# [Assignment]
Beginning at the line containing "女童连衣裙2025夏装新款洋气女孩韩版背带裙儿童时髦百搭吊带裙潮", repeat each line below exactly up to and including the line containing "Pomodoro Timer –". Do not repeat the pictures.

# [Information provided]
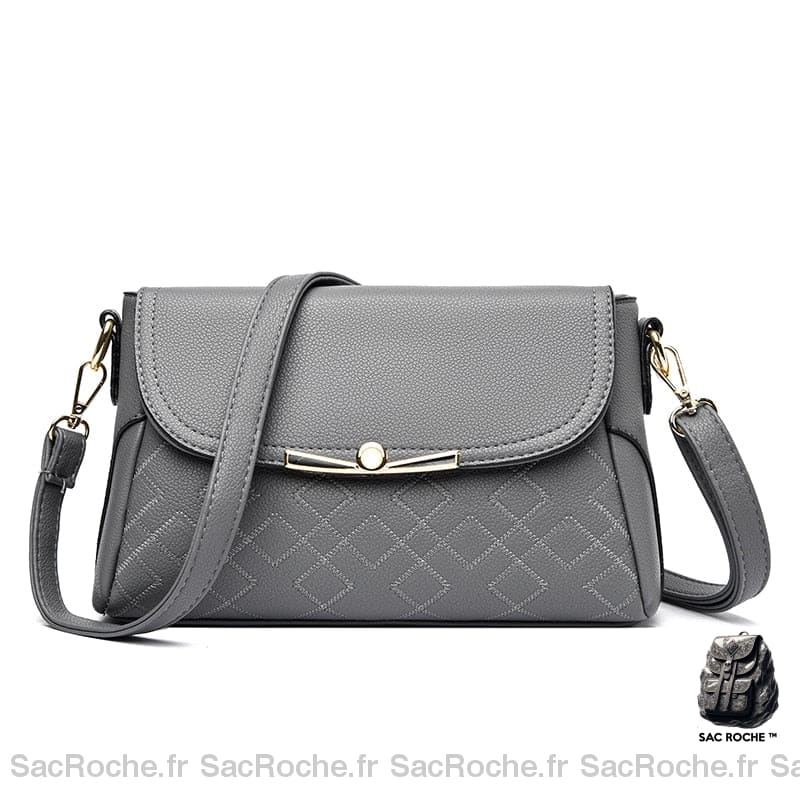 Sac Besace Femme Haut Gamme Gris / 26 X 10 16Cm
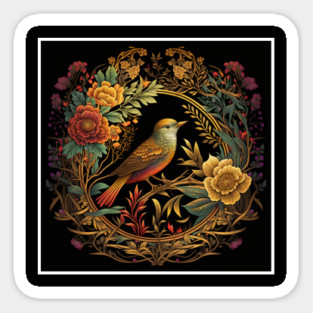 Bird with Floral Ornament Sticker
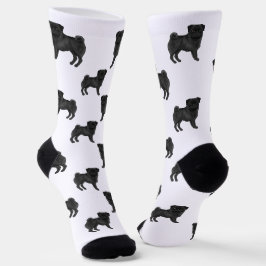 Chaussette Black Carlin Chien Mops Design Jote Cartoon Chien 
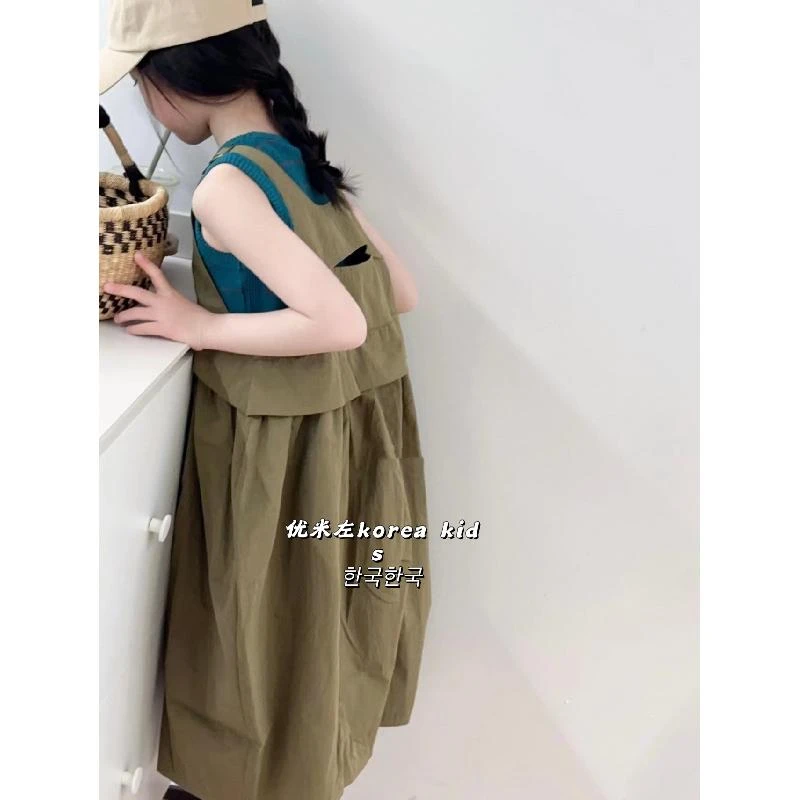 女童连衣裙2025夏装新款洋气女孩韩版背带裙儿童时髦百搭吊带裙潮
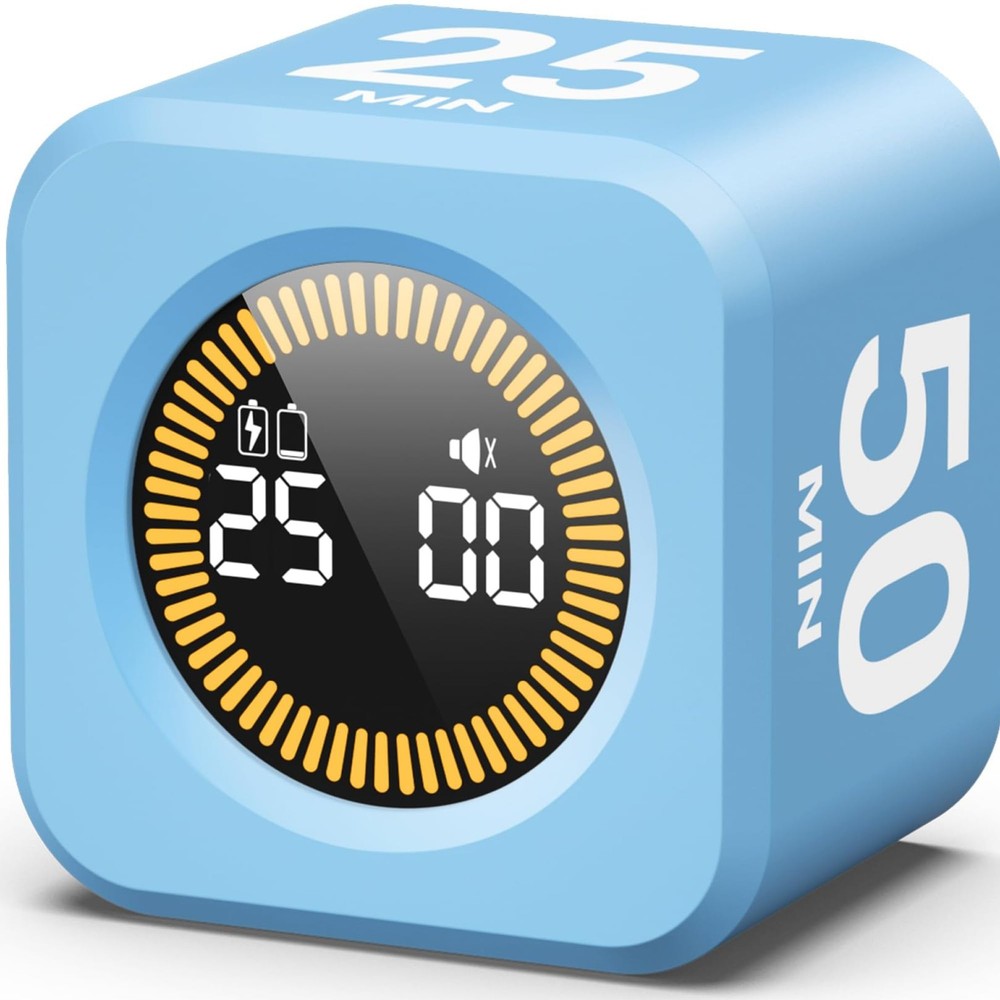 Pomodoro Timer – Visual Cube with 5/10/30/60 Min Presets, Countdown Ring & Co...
...
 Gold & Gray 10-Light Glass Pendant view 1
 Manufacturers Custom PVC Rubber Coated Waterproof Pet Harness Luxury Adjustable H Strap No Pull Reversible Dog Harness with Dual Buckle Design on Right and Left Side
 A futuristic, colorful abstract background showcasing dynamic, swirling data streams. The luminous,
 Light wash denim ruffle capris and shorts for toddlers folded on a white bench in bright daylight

# [Answer]
 女童连衣裙2025夏装新款洋气女孩韩版背带裙儿童时髦百搭吊带裙潮
 Pomodoro Timer – Visual Cube with 5/10/30/60 Min Presets, Countdown Ring & Co...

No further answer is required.